Reputation: 1
I am facing a problem where KeyedStream is purely parallelised on workers for case where number of keys is close to parallelism
My input records to a range of 0-N。 When I use keyBy , Some workers process zero keys, some more than one. This is because of KeyGroupRangeAssignment.assignKeyToParallelOperator()
in KeyGroupStreamPartitioner
use murmurHash to the key.hasCode and select the channel。
I know the partitionCustom can handler this situation,but partitionCustom only return DataStream,not KeyStream。

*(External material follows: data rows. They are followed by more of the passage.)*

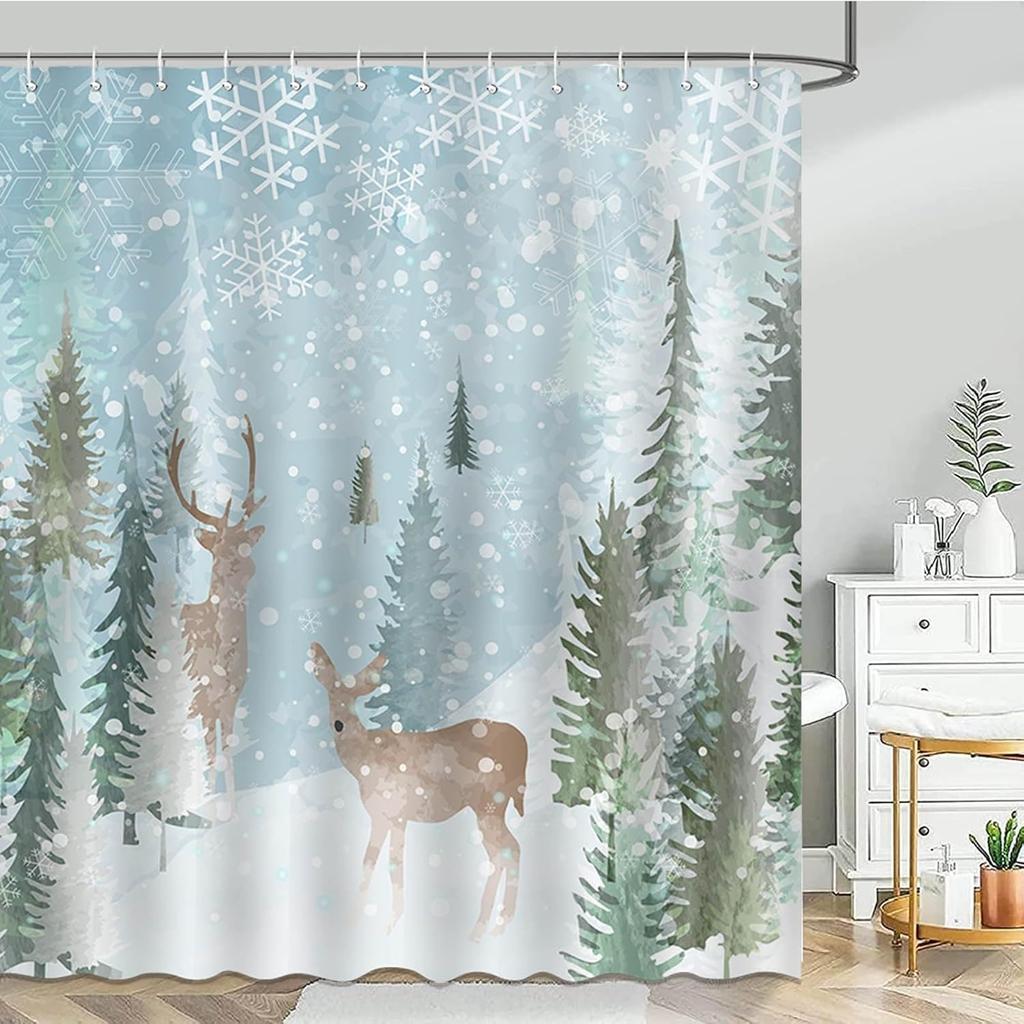 Winter Deer Shower Curtain Deer and Forest Snow Forest Tree Scene Snowflake Christmas Shower Curtain Bathroom Bathtub Curtain
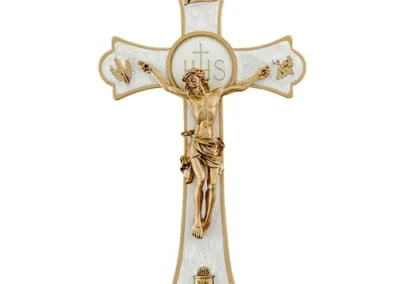 8" Holy Mass Non Dev Crucifix White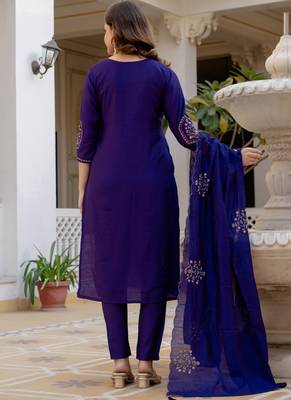 Purple pure viscose mango silk straight kurti pant dupatta set 2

So what can I do to handler without hack-ish?
Upvotes: 0
Views: 667
Reputation: 3634
It's unfortunately a bit burried, but there is a way of turning a DataStream
into a KeyedStream
.
DataStream<T> partitioned = input.partitionCustom(...);
KeyedStream<T> keyed = DataStreamUtils.reinterpretAsKeyedStream(partitioned, ...)
Upvotes: 0
Reputation: 9245
Well, it's kind of hack-ish, but see makeKeyForOperatorIndex. I've used a custom RichMapFunction
that figures out which subtask index it is in its open()
call, and then uses makeKeyForOperatorIndex
to create a key (Integer or String) that is added as a field and then used for the keyBy()
.
Upvotes: 2